Step Detection Verification was our main focus for this week’s design review process.
This week was important to test our step detection methods as it is the base of our desires – to match a runner’s pace. Pace being steps/minute rather than speed of distance/time.
We used class time to research how accelerometer data is measured, differs, is calculated, and how we can verify them against each other. Additionally, this research included finding metrics for believed accuracy for the accelerometers we are considering to use. Additionally, we designed this test and verification process as follows with two users, Aarushi and Mayur (data sheet on our Google Drive):
I ran on a treadmill to (1) verify accelerometer data, and (2) to measure my tolerance for gap between starting run and the music adjusting tempo to pace. For jogs of 20-40 minutes (3-5 miles) at more or less the same pace, my tolerance for not adjusted music was 3 minutes. For runs of 10 minutes (1-1.5 miles) at more or less the same pace, my tolerance for not adjusted music was 1.5 minutes.
When verifying accelerometer data, we compare between two android phones of different generations and a smartwatch. This design was controlled by manually counting steps while running, and using all devices on the same run. These measurements were done for 30 second, and 1 minute intervals at speeds of 5.5mph to 10mph at intervals of 0.5. Additionally, I completed three ‘long’ distance runs of 3 minutes and 5 minutes for step verification, and longer for tolerance of gap between starting run and the music adjusting tempo to pace. (A tragic event because I prefer intervals to distance). An iphone was attempted for comparable metrics, but the iphone 7 plus was what we had access to, and only updates every 10 minutes. Thus, it was impossible to use to measure the number of steps in a defined time interval.
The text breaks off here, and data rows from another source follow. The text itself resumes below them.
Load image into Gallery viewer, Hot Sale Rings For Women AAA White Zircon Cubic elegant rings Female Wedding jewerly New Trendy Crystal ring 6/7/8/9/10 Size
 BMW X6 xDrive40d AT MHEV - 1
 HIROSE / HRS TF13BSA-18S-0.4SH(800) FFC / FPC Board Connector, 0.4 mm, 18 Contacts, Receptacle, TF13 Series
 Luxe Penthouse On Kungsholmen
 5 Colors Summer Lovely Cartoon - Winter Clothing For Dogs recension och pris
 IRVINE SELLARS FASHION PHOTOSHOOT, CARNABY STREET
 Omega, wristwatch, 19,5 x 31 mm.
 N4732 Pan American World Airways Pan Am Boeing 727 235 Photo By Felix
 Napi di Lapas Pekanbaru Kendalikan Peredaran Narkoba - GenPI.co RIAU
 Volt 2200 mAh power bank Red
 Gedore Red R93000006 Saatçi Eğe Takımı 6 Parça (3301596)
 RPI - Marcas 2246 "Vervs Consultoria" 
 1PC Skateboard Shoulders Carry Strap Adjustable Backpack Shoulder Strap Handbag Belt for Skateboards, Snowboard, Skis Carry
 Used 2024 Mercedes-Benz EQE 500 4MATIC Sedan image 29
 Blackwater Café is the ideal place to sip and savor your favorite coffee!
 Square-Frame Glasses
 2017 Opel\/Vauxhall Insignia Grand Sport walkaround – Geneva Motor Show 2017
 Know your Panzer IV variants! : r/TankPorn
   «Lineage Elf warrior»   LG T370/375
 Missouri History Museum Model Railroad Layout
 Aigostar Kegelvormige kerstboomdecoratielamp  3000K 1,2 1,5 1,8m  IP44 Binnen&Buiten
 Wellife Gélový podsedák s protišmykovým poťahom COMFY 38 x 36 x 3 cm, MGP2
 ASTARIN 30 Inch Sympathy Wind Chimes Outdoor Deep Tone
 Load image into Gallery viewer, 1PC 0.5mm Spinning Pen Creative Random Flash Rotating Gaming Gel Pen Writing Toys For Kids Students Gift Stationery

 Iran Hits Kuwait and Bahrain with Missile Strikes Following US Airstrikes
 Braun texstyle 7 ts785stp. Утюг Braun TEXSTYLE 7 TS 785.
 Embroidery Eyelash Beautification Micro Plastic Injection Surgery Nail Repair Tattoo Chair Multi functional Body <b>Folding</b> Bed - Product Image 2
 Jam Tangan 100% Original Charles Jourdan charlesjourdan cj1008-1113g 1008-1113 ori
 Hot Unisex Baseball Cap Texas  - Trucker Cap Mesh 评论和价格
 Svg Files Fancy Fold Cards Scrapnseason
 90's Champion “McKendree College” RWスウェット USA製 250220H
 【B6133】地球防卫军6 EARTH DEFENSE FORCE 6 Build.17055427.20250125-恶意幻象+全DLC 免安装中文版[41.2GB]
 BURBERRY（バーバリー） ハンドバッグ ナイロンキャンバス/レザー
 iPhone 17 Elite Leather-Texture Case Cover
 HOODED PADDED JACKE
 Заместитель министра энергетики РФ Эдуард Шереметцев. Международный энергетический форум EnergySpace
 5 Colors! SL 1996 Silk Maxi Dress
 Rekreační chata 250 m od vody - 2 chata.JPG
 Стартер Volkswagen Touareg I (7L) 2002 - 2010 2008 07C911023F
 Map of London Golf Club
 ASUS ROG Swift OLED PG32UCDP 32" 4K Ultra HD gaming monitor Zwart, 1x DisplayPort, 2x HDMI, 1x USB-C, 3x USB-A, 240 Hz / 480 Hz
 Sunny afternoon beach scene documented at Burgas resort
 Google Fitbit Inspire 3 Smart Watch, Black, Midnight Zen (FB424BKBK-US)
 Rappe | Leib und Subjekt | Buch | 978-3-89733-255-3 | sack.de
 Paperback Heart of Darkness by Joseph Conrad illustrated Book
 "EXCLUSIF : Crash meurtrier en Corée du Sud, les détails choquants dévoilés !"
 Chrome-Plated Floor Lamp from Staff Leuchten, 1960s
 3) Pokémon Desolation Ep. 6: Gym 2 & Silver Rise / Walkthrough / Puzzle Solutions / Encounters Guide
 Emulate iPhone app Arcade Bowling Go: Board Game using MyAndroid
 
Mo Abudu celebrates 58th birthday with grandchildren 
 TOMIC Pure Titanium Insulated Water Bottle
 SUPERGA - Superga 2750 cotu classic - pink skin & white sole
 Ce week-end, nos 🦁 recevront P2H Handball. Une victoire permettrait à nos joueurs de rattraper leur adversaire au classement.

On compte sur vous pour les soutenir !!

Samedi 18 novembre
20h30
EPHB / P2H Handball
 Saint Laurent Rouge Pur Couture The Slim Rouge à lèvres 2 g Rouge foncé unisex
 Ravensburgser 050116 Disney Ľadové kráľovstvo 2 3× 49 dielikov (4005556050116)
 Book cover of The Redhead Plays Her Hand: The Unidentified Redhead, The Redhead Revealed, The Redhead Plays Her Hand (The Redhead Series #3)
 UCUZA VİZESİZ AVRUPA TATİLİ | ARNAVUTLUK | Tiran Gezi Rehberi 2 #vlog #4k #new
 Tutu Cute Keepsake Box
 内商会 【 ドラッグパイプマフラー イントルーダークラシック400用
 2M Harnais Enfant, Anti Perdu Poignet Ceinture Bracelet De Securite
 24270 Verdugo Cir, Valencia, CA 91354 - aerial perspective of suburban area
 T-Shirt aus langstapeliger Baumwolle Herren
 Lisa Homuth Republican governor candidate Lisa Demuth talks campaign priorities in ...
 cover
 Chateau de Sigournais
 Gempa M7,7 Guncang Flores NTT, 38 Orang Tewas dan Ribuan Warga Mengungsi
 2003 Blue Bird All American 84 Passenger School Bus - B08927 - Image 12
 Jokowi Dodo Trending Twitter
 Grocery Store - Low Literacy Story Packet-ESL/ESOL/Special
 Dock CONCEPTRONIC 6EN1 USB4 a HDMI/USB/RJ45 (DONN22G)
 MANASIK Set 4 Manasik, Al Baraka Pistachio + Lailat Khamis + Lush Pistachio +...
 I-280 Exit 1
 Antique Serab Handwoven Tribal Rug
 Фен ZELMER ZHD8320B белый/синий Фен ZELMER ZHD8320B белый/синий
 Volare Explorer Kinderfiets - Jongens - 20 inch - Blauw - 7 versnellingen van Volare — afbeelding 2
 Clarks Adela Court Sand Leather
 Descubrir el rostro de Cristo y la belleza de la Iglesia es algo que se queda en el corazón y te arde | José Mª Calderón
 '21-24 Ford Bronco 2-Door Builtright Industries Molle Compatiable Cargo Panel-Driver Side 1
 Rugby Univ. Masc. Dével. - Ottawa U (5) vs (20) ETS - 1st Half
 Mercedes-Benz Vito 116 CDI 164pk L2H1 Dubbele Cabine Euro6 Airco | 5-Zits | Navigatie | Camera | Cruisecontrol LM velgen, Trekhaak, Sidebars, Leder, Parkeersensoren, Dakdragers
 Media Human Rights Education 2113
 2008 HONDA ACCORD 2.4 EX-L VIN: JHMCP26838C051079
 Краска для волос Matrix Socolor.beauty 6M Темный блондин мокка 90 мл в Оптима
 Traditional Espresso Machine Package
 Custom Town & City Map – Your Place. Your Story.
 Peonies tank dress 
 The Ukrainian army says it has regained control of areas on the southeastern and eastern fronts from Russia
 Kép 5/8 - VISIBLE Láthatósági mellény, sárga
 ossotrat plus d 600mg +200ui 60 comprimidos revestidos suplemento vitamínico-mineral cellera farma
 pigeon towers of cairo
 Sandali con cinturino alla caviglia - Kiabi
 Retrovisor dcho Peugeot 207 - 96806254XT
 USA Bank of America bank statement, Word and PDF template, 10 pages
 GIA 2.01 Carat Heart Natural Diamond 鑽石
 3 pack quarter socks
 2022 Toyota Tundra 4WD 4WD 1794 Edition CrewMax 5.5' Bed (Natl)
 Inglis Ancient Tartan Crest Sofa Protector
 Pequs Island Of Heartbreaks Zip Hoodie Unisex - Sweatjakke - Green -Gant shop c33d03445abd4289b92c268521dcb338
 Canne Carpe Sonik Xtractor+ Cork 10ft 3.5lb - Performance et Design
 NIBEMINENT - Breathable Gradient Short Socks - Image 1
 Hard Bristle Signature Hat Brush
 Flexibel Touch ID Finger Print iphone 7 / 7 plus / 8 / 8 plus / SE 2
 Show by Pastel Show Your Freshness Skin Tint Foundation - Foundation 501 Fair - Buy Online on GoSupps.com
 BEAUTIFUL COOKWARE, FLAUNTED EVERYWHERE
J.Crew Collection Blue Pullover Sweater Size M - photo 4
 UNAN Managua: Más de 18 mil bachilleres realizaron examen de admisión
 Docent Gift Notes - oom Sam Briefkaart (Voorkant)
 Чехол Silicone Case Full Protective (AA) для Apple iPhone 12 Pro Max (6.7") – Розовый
We figured this would be a technology that could jeopardize our project if the data we got from the phones and watch weren’t good enough. Out contingency plan was to either use a Bluetooth pedometer or write our own step detection algorithm, however we found that the data we got from the newer Android phone lied within an average 4% error of the actual step count which makes us confident in using it.
The biggest change that we are considering is not using the watch since the error rate on average was roughly 10-15% which is a little higher than we liked. We are thinking of making the app for the watch, but still using all the data from the phone.
Software Decisions with Wavelet Transforms
During class time, we researched best methods for phone & watch applications – Java. Python would be used for wavelet transforms for our familiarity and ease of use. Integration via Jython is possible.